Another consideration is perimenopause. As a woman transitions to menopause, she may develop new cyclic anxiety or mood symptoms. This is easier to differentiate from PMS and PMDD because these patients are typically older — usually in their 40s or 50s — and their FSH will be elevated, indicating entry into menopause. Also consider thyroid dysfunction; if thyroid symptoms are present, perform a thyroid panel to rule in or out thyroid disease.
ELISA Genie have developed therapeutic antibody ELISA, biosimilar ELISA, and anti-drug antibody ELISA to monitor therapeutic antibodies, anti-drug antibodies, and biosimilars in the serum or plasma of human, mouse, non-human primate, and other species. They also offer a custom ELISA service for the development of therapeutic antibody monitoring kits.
* * *
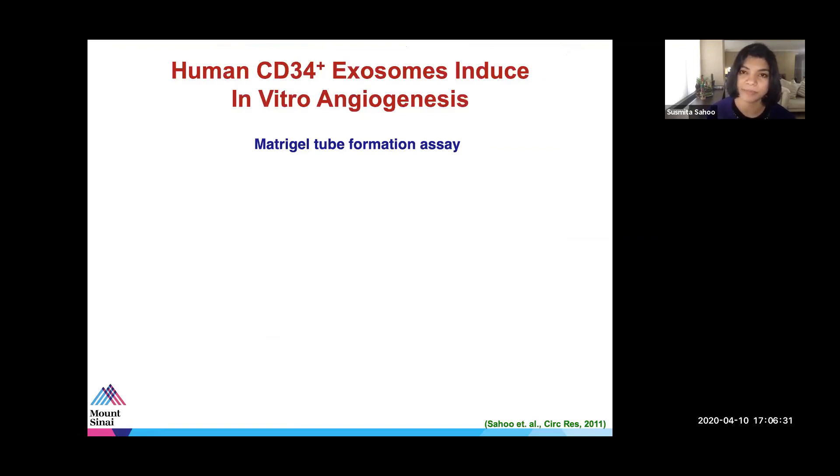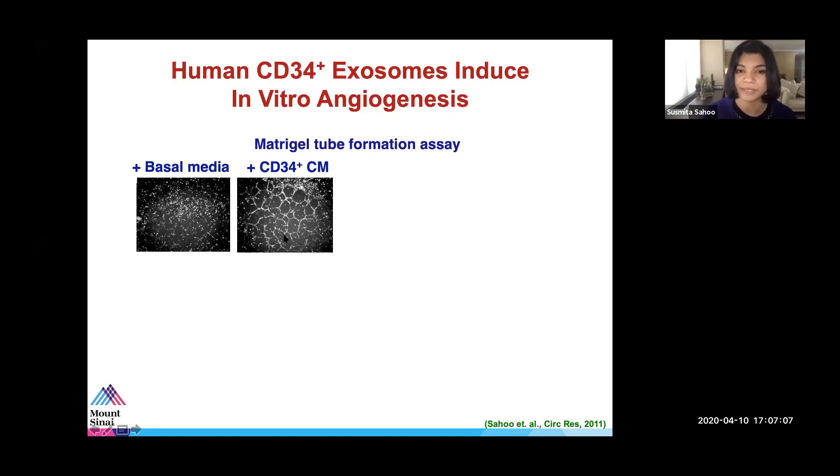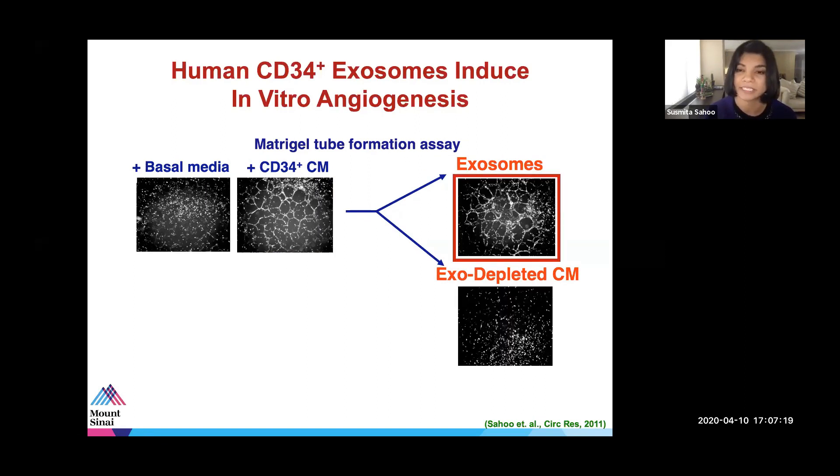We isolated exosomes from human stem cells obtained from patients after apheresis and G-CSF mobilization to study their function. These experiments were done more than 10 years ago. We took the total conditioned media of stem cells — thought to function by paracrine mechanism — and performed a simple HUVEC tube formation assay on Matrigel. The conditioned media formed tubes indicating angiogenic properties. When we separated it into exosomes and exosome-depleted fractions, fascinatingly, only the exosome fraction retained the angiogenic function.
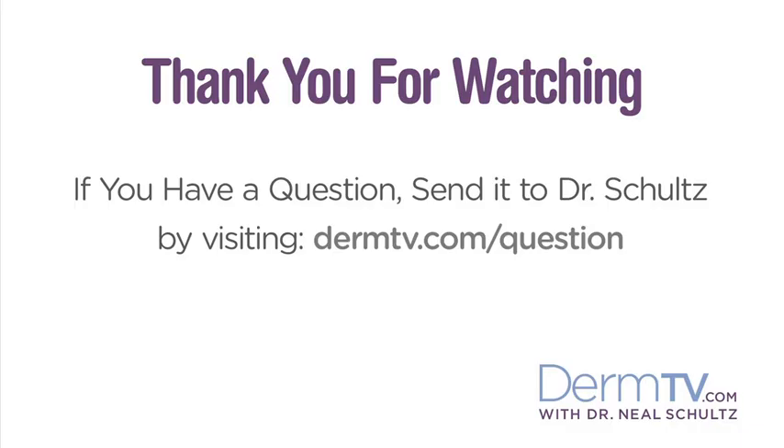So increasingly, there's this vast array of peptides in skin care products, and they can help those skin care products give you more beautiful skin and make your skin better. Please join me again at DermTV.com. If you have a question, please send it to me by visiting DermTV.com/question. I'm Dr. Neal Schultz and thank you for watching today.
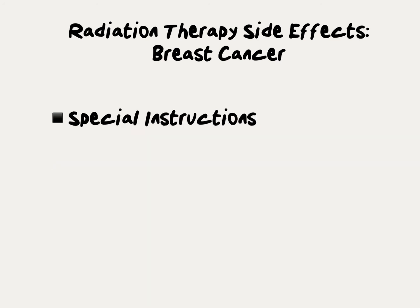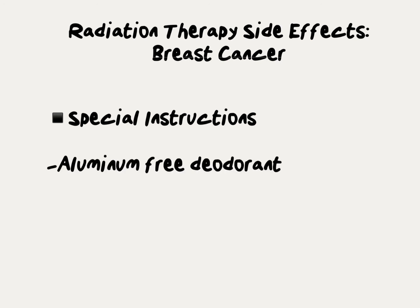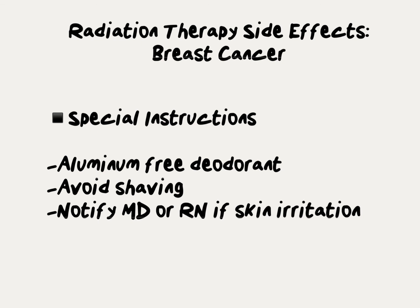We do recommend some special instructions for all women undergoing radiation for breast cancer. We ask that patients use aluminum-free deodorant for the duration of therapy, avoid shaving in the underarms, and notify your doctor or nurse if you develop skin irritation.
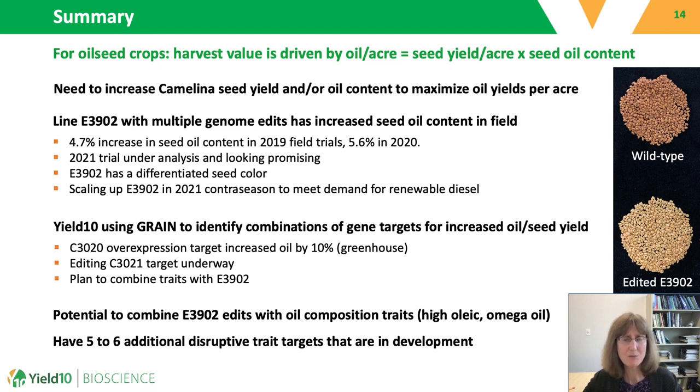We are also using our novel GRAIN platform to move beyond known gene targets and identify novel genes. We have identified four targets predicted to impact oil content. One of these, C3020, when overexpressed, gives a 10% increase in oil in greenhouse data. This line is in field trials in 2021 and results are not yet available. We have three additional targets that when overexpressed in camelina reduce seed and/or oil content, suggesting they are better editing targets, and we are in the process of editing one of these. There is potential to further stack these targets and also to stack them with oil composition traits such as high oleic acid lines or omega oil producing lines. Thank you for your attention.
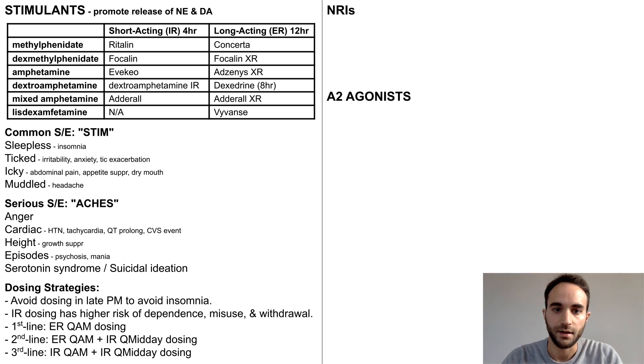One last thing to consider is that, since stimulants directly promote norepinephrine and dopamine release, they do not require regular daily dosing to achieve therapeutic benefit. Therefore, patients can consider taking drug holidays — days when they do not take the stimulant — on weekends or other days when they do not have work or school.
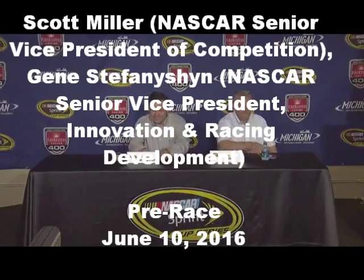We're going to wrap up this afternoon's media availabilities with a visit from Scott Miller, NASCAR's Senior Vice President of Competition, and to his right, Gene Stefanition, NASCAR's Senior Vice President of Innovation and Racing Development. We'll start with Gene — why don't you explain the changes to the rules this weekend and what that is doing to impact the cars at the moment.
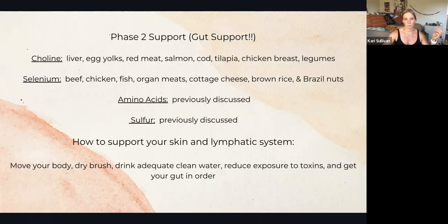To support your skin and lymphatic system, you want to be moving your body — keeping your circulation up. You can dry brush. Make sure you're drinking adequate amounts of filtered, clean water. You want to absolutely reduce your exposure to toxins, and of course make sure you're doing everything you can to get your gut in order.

GOAL OF THE EXERCISE: Having found the line with "So increasingly, there's" and the line with "We do recommend" in the material above, write out exactly those two and every line between, leaving the pictures out.

TASK RESPONSE:
So increasingly, there's this vast array of peptides in skin care products, and they can help those skin care products give you more beautiful skin and make your skin better. Please join me again at DermTV.com. If you have a question, please send it to me by visiting DermTV.com/question. I'm Dr. Neal Schultz and thank you for watching today.
We do recommend some special instructions for all women undergoing radiation for breast cancer. We ask that patients use aluminum-free deodorant for the duration of therapy, avoid shaving in the underarms, and notify your doctor or nurse if you develop skin irritation.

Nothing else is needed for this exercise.